Inter-Process Communication (IPC)
Smooth communication between VirtualBox’s internal components is vital for efficient operations. Several IPC mechanisms facilitate this including:
COM (Component Object Model)
COM is instrumental in communication between the Main API and the VirtualBox Manager. It standardizes the transfer of commands and responses, ensuring that user initiated actions are reliably propagated through the system.
Internal APIs
Beyond COM, VirtualBox employs numerous internal APIs to enable messaging and coordination between various components like the VirtualBox Manager and the VMM. These APIs are designed for high performance, ensuring that control signals and data are processed with minimal latency.
VRDP (VirtualBox Remote Desktop Protocol)
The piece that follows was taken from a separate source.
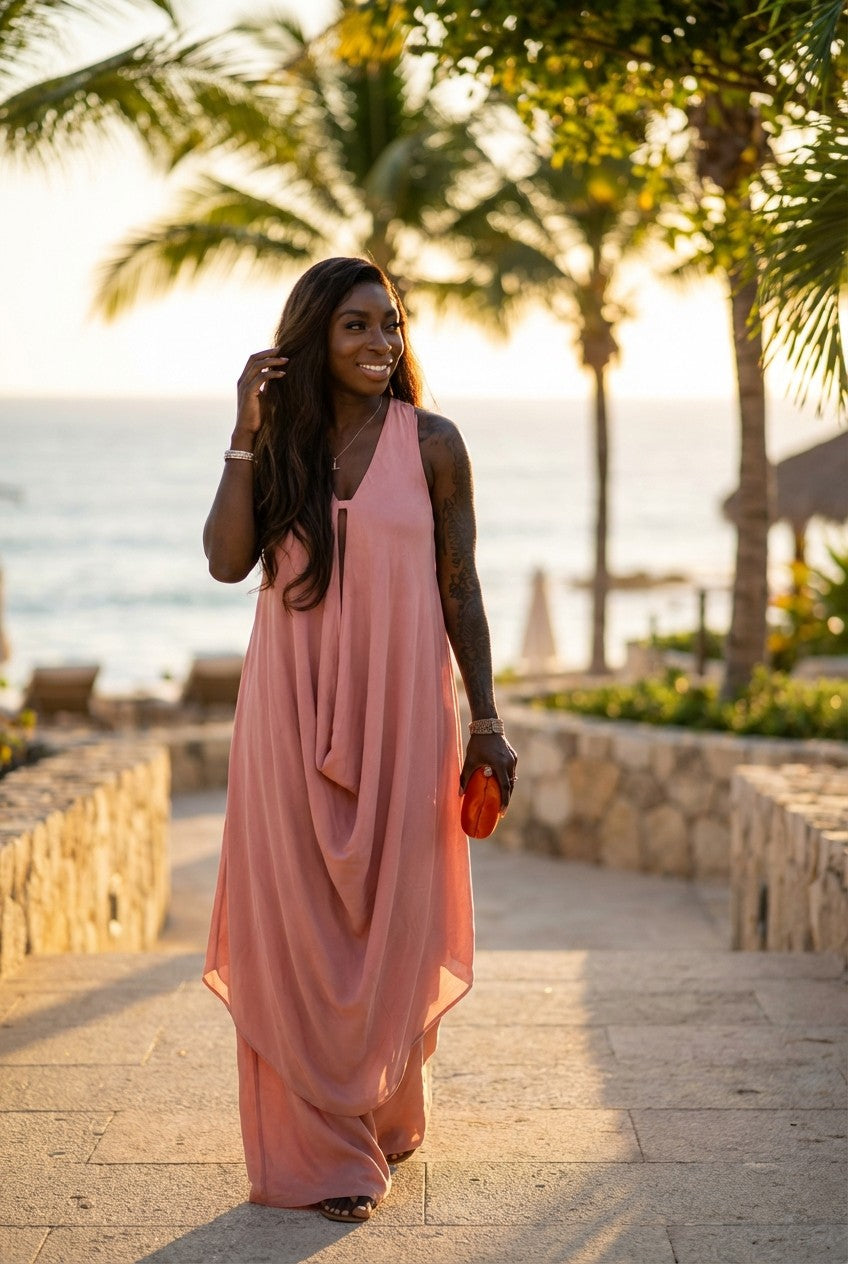 Women's Elegant Draped Blouse and Wide Leg Pants Set Minimalist Chic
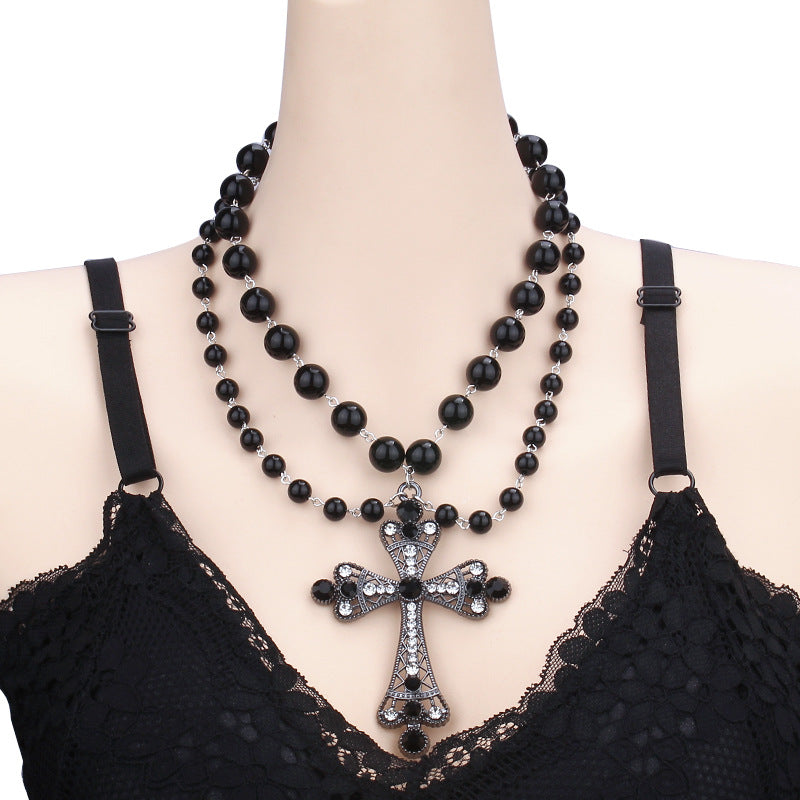 Wholesale Halloween dark cross pearl necklace hip hop  necklace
VRDP extends VirtualBox’s capabilities by providing remote access to the guest OS’s graphical interface. By exposing a remote desktop interface, administrators and users can interact with VMs even when they are not physically present at the host workstation.
Security Features
Security within a virtualized environment is of paramount importance, and VirtualBox incorporates several layers of protection including:
Isolation
VirtualBox is architected to ensure strong isolation between guest operating systems. This prevents a breach in one VM from affecting another or compromising the host. Isolation is maintained through hardware-assisted virtualization, memory protection mechanisms, and separate execution contexts.
Access Control
Access to virtual machines is tightly controlled via user authentication and role based authorization. By enforcing strong credentials and policy based management, VirtualBox minimizes the risk of unauthorized access and misuse of virtualized resources.
Sandboxing
The hypervisor’s sandboxing feature limits the guest OS’s access to the underlying host resources. This layer of abstraction restricts operations that could potentially damage the host system or lead to unintended privilege escalation, ensuring that even if a guest is compromised, the impact on the host is minimized.
Conclusion
This article has offered a comprehensive exploration into the realm of virtualization and hypervisors, emphasizing the critical role they play in abstracting and efficiently managing physical resources. By examining the foundational concepts behind virtualization and virtual machines, we highlighted how hypervisors, whether bare metal or hosted, serve as the engine that powers modern computing environments. Using VirtualBox as our focal point, we unraveled its robust architecture, showcasing its main API, Virtual Machine Monitor, and device emulation capabilities, while also discussing its ability to harness hardware assisted and paravirtualization techniques to deliver optimal performance. Ultimately, this deep dive not only demystifies the inner workings of VirtualBox but also the core technologies behind Hypervisors.